> [What to do] Print the line containing "Olla de Cerámica", then every line after it through the end of the material, exactly as written and without pictures.

> [Data shown]
--- START ---

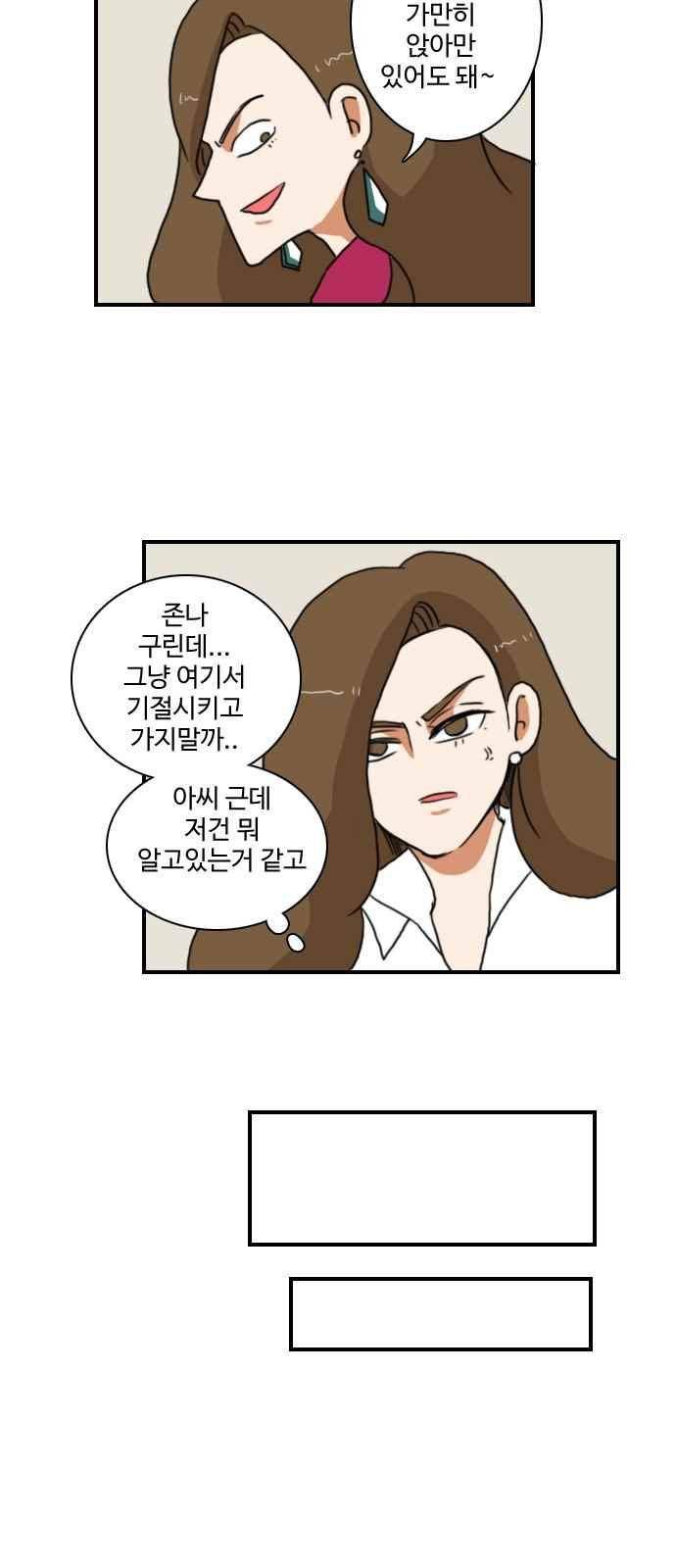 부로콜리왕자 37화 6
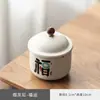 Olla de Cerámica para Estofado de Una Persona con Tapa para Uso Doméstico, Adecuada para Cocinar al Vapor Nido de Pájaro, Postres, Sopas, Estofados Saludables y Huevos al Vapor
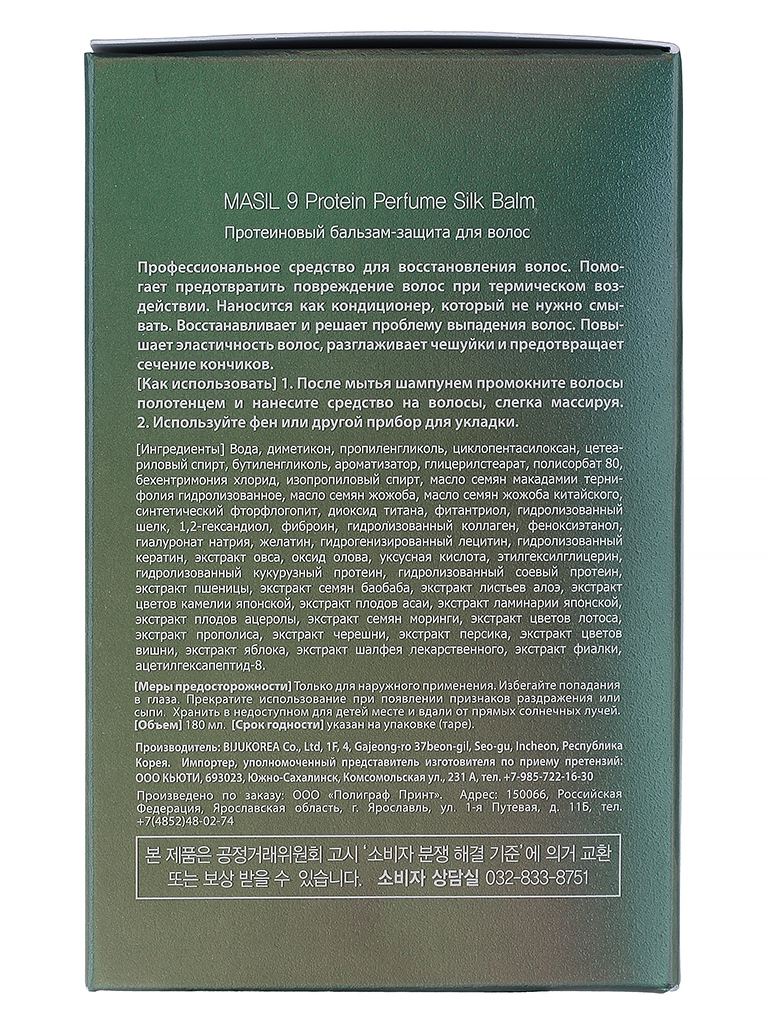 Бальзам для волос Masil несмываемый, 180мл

--- END ---

> [Solution below]
 Olla de Cerámica para Estofado de Una Persona con Tapa para Uso Doméstico, Adecuada para Cocinar al Vapor Nido de Pájaro, Postres, Sopas, Estofados Saludables y Huevos al Vapor
 Бальзам для волос Masil несмываемый, 180мл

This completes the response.